However, especially from the standpoint of a graduating high school senior, it
is very real.

I think there's an implied "first" (or "next" after secondary school) in all
of this.

------
dlytle
The older generation is bitter because they heavily invested according to a
specific system of advancement, lived a good life because of it, and now these
modern kids act like the system was always broken.

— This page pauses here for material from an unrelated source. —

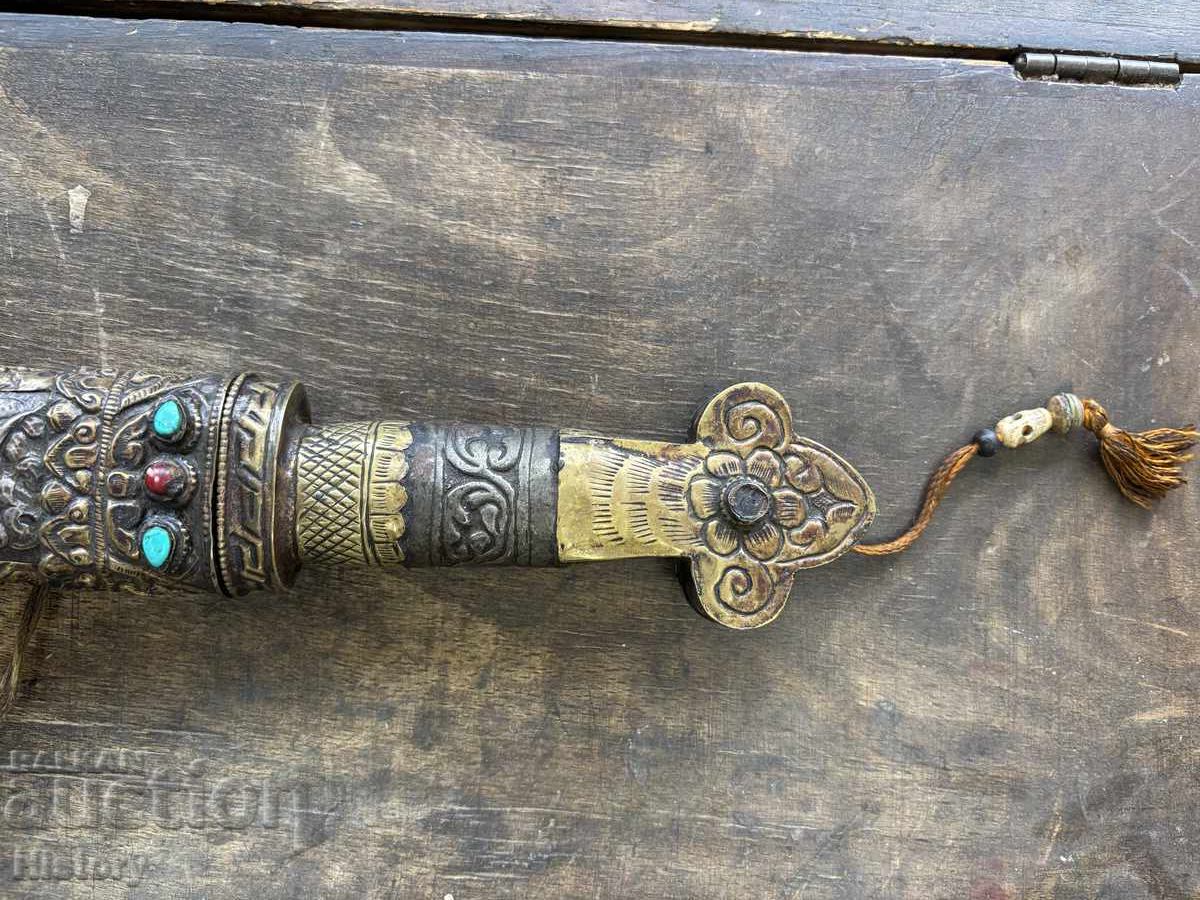 Antique Tibetan ritual dagger with price € 450.00 | 880.13 BGN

The younger generation is bitter because they heavily invested according to a
specific system of advancement, discovered that the rewards provided by the
system have fundamentally changed, and blame the geezers for steering them
down the wrong path.

Neither generation wants to accept that the rules have changed and don't pay
off the way they used to. That's why they're trying to find someone to blame.
(Other than themselves, of course.)

------
jsz0
I don't feel all that entitled but I can understand why the "get good grades,
goto a good college, have a wonderful life" crowd feels short changed. That
message was drilled into their heads by teachers, family, friends, etc. I
would probably feel entitled in that situation. You did all the "right things"
and aren't seeing the promised benefits. No one mentioned sometimes it takes a
while or just never happens. For any political issues like health care young
people make themselves, and issues they care about, irrelevant by not voting
in sufficiently large numbers. Again, the promise of democracy doesn't really
live up to reality. I suspect it's just a common generational problem. In your
20's you're young enough to remember carefree youth but not successful enough
yet to see your own life as living up to your expectations.

------
bkudria
Before everybody starts complaining, yes, I know that this is, on the surface,
about the health care debate. However, before complaining that this isn't HN-
material, consider for a moment the prevailing expectation college graduates
have: "I need to get a job, which I can now do because I have a college
degree." The author doesn't even consider entrepreneurship.

Can we as a society do better, so more people realize that that no one owes
them anything, and any promises that were made to them were probably made by
the well-meaning, but ultimately un- or misinformed?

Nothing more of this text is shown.